HPyV includes common variants such as HPyV-1, HPyV-2, and HPyV-5 [53]. Research indicates that in patients with haematological disorders, HPyV-2 infection can lead to bladder mucosal damage and symptoms of haemorrhagic cystitis, with a high detection rate observed in patients who underwent kidney transplant [9]. In the multivariate analysis, we observed a correlation between HPyV infection and solid tumours and urinary tract infections, consistent with previous studies [54]. Therefore, clinicians should be vigilant of HPyV infection when patients present with similar symptoms. Additionally, we observed a correlation between HPyV and lung infections, which may be an indirect effect of other diseases or complications. In addition to these highly detected viruses, we also detected other viruses such as adenovirus, HBV, HPV, EV41, and rubella virus. These viruses can also lead to severe complications in patients under certain conditions and require clinical attention [10,11,12, 55, 56].
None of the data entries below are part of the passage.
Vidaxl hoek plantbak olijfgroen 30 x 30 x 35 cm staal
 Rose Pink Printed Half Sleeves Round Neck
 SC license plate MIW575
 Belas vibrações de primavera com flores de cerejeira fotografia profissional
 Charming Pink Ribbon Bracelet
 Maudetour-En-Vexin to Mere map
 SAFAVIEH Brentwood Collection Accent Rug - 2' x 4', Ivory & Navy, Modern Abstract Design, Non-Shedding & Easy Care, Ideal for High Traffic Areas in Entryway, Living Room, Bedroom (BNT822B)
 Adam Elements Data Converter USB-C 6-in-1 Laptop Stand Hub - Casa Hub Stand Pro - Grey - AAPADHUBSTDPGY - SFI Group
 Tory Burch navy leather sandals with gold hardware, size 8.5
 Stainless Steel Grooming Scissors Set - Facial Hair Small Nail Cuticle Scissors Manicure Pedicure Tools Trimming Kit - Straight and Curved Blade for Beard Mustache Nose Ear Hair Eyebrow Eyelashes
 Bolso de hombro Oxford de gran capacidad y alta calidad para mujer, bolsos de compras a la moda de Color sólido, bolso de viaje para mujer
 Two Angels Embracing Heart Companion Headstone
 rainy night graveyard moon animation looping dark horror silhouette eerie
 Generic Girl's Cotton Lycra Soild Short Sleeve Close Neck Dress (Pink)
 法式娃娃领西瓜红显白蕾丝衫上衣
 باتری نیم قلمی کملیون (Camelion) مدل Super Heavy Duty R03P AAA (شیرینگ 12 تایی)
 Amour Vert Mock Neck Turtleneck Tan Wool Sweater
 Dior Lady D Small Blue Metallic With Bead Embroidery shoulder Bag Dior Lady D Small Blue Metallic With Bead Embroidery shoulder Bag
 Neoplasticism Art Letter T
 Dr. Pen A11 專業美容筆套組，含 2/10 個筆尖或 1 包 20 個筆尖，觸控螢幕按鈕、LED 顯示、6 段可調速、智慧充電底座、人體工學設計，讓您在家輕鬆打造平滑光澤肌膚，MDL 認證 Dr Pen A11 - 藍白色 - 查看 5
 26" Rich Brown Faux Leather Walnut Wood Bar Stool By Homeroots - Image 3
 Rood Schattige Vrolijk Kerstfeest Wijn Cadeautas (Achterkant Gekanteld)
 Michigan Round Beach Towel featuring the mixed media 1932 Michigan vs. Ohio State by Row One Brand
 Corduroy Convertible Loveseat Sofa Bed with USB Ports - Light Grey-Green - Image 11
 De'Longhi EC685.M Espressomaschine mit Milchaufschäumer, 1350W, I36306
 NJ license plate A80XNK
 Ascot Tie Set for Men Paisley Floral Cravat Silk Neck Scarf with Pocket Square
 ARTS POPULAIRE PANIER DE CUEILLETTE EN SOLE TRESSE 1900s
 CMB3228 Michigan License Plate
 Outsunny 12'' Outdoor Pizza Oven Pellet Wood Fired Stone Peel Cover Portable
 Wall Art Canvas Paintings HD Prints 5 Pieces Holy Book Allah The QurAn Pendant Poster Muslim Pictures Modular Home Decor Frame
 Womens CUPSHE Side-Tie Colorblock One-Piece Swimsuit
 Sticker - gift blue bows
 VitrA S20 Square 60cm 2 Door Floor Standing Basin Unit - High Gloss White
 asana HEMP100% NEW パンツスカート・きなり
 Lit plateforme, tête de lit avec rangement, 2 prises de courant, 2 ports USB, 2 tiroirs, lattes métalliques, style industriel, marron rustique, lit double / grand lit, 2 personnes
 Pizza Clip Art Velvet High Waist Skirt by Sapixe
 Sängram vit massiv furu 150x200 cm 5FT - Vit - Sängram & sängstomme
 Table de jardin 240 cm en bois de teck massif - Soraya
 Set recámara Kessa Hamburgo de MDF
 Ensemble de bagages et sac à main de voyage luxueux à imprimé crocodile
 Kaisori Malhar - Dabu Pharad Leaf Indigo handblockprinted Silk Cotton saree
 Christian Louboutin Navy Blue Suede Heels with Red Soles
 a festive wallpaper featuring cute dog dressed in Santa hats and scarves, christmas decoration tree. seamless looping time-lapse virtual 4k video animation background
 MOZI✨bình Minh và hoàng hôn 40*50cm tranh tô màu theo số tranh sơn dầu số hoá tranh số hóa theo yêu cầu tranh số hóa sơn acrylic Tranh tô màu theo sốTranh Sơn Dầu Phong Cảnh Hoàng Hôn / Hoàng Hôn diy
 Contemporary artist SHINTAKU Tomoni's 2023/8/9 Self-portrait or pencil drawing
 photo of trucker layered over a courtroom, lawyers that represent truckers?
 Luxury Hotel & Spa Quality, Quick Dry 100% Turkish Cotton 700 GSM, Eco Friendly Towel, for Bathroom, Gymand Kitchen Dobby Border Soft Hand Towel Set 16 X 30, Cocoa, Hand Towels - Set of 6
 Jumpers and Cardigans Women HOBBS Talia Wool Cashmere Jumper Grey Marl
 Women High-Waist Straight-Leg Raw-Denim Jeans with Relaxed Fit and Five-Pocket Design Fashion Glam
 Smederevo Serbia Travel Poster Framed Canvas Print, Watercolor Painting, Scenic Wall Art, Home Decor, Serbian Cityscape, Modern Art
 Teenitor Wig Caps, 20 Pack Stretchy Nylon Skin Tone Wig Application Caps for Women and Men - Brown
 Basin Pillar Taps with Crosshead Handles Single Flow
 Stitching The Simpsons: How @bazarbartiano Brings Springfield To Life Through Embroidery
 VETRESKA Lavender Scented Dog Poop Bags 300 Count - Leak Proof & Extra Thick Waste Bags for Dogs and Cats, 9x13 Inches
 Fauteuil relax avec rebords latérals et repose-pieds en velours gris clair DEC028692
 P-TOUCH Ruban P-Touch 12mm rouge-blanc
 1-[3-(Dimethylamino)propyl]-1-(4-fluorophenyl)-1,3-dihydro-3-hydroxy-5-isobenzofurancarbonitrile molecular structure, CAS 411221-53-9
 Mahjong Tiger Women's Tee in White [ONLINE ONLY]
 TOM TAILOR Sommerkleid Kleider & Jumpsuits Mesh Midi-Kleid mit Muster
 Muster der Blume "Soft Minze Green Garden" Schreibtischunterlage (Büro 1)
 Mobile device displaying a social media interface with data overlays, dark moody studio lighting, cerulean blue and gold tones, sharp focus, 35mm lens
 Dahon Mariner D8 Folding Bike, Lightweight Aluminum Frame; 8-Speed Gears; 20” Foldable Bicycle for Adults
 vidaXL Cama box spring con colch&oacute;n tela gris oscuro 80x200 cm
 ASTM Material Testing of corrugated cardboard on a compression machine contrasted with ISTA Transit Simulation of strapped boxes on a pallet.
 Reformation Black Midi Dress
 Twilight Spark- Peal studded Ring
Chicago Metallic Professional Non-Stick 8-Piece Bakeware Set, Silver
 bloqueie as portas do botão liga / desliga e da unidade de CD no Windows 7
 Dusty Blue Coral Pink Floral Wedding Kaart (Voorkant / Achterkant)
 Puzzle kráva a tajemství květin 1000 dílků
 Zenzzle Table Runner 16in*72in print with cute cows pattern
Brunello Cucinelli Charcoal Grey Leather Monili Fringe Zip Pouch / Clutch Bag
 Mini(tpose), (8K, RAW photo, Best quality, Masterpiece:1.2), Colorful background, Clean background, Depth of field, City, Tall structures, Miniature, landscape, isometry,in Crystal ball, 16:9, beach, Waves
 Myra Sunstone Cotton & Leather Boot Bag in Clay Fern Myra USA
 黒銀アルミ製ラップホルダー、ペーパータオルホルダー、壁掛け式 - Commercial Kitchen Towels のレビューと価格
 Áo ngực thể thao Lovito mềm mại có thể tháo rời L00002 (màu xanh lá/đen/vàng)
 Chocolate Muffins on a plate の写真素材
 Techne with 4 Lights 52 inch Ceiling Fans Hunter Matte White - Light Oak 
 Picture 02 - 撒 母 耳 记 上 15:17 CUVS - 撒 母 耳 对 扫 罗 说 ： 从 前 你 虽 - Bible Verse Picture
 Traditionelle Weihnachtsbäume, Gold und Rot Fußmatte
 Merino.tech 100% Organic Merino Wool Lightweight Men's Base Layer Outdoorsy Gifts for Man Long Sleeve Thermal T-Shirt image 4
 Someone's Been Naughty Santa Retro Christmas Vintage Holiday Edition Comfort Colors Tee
However, this study has some limitations. Because our samples were obtained from clinical patients, some doctors did not suspect RNA virus infection based on the patient’s clinical symptoms; therefore, some samples only underwent DNA processing. In the experiments, we did not enrich the viruses in the samples to accommodate the detection of non-viral pathogens, which may have led to the under-detection of some viruses at low viral loads. Additionally, we were unable to assemble viral genomes for more in-depth analysis.

In the future, more detailed and in-depth research is required to explore the dynamic changes in these haematologic viruses during the development of haematologic diseases and their impact on disease progression. This will provide a more comprehensive understanding of the roles of these haematological viruses in the human body.